- _Task details_
From the entries below, return only the lines starting at the one that contains "康莉牛皮粗跟乐福鞋2026年春季新款通勤蝴蝶结圆头真皮棕色小皮鞋" and ending at the one that contains "Karl friedrich schinkel", exactly as they stand.

- _Short text fragments from websites_
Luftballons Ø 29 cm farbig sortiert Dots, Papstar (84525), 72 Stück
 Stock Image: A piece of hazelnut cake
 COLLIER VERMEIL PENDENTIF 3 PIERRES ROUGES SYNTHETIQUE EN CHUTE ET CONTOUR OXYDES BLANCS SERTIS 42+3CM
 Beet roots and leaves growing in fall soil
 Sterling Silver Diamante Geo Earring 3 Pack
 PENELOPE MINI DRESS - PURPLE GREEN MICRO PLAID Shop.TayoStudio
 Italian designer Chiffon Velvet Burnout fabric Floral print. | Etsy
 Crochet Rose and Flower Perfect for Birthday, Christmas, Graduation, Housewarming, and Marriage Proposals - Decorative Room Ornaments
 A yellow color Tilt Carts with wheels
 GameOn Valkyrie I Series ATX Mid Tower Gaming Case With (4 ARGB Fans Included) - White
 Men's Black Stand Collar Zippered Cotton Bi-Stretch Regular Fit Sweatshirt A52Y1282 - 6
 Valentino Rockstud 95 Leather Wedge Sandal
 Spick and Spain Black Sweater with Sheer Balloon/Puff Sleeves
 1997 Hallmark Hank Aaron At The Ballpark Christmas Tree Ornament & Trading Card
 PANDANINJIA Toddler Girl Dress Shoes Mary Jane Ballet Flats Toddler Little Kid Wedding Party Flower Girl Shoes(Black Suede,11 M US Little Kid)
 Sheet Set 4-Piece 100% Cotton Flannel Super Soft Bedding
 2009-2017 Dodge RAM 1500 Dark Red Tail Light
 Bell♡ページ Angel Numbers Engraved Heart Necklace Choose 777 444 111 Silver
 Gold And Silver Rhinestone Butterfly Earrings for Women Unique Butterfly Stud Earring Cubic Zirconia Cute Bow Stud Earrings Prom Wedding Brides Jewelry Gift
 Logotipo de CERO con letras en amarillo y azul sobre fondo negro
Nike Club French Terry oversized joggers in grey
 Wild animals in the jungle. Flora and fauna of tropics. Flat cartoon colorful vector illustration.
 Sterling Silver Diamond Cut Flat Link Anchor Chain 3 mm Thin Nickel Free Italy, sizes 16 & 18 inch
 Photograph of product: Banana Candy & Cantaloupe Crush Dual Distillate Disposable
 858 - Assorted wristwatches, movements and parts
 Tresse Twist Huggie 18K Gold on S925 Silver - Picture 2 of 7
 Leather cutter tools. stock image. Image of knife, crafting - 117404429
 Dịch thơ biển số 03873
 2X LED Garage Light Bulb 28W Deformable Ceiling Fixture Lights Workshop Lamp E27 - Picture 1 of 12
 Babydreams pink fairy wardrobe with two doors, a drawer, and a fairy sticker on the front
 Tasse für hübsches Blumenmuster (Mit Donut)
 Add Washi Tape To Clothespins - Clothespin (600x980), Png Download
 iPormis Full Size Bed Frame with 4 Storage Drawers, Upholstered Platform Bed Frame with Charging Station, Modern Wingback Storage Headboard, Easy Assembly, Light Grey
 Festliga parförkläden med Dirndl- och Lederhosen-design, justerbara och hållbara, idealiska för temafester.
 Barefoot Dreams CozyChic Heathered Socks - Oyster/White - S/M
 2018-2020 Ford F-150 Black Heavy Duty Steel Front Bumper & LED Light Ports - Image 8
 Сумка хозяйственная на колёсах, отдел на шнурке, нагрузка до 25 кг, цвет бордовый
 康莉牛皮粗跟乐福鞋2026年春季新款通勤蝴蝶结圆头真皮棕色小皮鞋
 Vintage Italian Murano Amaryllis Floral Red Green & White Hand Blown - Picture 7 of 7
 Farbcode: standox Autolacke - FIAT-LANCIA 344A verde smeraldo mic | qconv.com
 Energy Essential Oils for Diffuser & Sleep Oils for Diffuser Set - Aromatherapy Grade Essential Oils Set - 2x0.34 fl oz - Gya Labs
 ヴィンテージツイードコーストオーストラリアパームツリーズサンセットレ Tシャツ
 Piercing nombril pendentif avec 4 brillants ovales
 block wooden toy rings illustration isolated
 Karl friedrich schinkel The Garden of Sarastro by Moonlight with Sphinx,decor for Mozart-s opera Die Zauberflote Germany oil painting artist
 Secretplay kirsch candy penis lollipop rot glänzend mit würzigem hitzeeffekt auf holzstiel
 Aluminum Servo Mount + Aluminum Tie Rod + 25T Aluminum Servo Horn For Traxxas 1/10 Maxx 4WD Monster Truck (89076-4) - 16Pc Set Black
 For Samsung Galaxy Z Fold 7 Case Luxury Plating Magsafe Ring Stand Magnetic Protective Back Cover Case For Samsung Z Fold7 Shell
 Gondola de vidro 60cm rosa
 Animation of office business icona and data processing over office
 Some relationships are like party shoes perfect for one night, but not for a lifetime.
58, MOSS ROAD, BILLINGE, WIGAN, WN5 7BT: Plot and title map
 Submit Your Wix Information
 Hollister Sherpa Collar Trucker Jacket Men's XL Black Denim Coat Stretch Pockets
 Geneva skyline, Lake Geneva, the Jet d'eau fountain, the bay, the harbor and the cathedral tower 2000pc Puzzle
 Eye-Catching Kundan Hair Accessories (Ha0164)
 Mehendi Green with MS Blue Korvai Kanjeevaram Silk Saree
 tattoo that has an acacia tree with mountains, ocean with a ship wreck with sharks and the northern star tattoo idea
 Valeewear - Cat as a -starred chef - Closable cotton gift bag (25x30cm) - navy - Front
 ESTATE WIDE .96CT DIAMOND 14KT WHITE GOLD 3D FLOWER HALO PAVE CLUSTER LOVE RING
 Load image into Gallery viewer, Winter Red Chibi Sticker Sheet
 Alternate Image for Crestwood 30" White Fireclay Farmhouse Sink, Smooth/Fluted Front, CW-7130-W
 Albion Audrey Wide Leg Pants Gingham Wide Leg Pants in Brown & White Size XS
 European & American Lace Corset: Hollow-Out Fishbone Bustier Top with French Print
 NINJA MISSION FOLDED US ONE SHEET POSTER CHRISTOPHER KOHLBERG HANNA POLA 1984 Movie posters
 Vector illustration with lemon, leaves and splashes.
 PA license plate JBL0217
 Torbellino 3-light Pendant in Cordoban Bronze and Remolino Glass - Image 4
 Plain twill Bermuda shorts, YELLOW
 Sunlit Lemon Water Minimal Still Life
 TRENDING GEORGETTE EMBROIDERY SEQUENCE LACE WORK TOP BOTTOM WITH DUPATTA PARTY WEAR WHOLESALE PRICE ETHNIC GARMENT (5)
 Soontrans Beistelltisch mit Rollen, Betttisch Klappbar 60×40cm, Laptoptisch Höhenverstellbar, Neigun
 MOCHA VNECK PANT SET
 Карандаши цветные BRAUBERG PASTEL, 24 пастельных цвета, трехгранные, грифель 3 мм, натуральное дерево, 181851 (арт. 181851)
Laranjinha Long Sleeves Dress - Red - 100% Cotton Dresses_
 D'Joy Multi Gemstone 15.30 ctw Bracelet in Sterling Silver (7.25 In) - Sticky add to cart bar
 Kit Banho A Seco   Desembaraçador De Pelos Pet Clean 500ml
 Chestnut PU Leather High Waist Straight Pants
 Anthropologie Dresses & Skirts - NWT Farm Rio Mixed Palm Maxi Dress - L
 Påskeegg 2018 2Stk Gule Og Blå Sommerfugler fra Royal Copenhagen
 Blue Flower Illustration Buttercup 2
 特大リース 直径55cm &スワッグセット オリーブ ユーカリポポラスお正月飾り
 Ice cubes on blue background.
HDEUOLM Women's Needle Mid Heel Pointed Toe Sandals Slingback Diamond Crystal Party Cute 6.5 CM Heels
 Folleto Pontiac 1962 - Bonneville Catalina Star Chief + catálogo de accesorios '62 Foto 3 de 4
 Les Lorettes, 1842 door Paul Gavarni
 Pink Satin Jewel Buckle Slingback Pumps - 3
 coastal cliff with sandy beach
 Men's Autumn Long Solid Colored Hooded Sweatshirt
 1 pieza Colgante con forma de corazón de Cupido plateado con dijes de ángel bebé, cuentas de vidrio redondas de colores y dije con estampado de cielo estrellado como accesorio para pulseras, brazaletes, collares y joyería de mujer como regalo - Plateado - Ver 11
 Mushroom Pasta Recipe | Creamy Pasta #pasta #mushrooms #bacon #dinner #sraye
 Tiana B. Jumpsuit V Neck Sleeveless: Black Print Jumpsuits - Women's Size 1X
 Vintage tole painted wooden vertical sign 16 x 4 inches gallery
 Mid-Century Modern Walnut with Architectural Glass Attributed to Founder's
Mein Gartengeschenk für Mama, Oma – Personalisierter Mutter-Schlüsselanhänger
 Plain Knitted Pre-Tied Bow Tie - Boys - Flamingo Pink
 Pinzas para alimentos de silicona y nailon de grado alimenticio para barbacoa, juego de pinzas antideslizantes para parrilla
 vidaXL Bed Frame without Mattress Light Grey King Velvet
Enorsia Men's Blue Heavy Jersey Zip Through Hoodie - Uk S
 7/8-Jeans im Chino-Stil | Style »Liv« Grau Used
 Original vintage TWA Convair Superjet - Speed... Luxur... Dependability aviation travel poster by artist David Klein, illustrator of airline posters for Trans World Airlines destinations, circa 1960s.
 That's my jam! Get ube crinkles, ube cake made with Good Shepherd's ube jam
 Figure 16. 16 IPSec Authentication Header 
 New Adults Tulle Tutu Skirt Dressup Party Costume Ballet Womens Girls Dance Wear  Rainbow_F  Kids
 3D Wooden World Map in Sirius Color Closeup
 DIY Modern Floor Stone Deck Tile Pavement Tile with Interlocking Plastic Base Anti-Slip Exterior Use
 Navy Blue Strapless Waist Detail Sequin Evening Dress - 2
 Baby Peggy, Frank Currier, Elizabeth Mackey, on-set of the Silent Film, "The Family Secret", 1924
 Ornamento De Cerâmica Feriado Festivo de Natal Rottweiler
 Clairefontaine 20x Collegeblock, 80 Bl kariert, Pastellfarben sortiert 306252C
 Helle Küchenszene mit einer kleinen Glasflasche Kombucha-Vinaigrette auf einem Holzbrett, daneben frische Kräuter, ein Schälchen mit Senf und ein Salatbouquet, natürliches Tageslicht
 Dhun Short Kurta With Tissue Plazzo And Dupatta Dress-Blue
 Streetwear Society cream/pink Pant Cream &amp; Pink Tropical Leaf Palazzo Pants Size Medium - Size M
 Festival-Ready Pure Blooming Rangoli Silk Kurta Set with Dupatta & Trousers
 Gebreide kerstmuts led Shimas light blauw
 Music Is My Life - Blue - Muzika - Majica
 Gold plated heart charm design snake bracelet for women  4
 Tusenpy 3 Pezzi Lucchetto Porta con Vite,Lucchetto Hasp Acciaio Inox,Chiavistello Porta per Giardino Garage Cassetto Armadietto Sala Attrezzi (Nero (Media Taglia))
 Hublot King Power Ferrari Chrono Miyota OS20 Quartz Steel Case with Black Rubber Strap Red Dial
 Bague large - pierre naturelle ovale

- _Response_
 康莉牛皮粗跟乐福鞋2026年春季新款通勤蝴蝶结圆头真皮棕色小皮鞋
 Vintage Italian Murano Amaryllis Floral Red Green & White Hand Blown - Picture 7 of 7
 Farbcode: standox Autolacke - FIAT-LANCIA 344A verde smeraldo mic | qconv.com
 Energy Essential Oils for Diffuser & Sleep Oils for Diffuser Set - Aromatherapy Grade Essential Oils Set - 2x0.34 fl oz - Gya Labs
 ヴィンテージツイードコーストオーストラリアパームツリーズサンセットレ Tシャツ
 Piercing nombril pendentif avec 4 brillants ovales
 block wooden toy rings illustration isolated
 Karl friedrich schinkel The Garden of Sarastro by Moonlight with Sphinx,decor for Mozart-s opera Die Zauberflote Germany oil painting artist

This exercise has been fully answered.